A candidate who sticks to the old playbook – reflexively supporting Israel, placing near-exclusive blame on Palestinians, paying lip service to two states while opposing any meaningful steps to get there, and giving an extreme right-wing Israeli government a blank check – will be noticed by their constituents. And the message voters will hear in a Democratic primary or even a general election is: I am the establishment. I am a Washington insider. I support the old ways.
That’s a losing message, and not just in Democratic primaries, given broad voter dissatisfaction with the status quo and the fact that both Democrats and independents have become more critical of Israeli policy in recent years. Yes, a handful of older voters and donors may reward it, but it’s a dead end.
The opposite message – embracing an anti-Zionist or post-Zionist platform, calling Israel a settler colonial project, demanding a full arms embargo, and foregrounding the word “genocide” – may feel satisfying among segments of the left. The message many more moderate Democrats and independents will hear is: I’m more concerned with out-of-touch intra-party fights than fighting for your needs.
Democrats shouldn’t fool themselves into thinking that Zohran Mamdani’s mayoral election victory in heavily progressive New York City is an affirmation of anti- or post-Zionist politics. He won because he is a charismatic and effective communicator who offered bold, unapologetic, attention-grabbing policies that were laser-focused on affordability. And even in a city that sits far to the left of the national electorate, his Israel position was still one of his greatest political liabilities, as his opponents used those positions to unjustifiably try and portray him as an antisemite.
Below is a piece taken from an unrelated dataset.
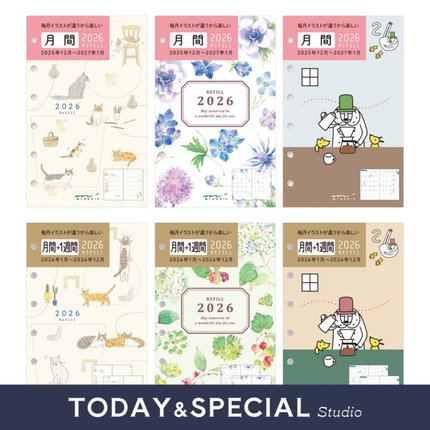 MIDORI活页内芯2026年 B7尺寸月记手帐内页迷你6孔替芯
Embracing this kind of position in many ways would be akin to the mistake a small group of Democrats made in 2020 in the aftermath of the killing of George Floyd, when they interpreted genuine national concern over police behavior as a signal to take positions on defunding the police that were far outside the mainstream. Democrats shouldn’t repeat that mistake. Real horror from the American public over Gaza indicates clear opposition to the Israeli government’s actions and policies, but does not translate into broad support for a total abandonment and disconnection from Israel.
Key Messages
All of this is, of course, complicated, but the good news for candidates is that there is a lane that threads the needle – allowing Democrats to demonstrate that they are breaking with the practices of the past while not swerving too far outside the mainstream. And as is so often the case, good politics also happens to be good policy.
1. Lead with humanity: Acknowledge the horrors of October 7 and the war in Gaza – and place responsibility where it belongs.
Voters want to elect people with empathy, not foreign-policy nerds (And I know I’m a foreign policy nerd). Candidates should speak honestly and specifically about the trauma on both sides of this conflict: The horror Israelis experienced on October 7 and the devastating suffering of Palestinians in Gaza, as well as the West Bank.
And they should not speak in the passive voice. Hamas bears responsibility for the 10/7 terrorist attacks and for triggering so much of the catastrophic suffering in Gaza. Netanyahu and his extreme right-wing government bear responsibility for much of the immense suffering in Gaza, the immoral conduct of the war, and the way in which they prolonged the war to stay in power despite opposition from the Israeli public and hostage families.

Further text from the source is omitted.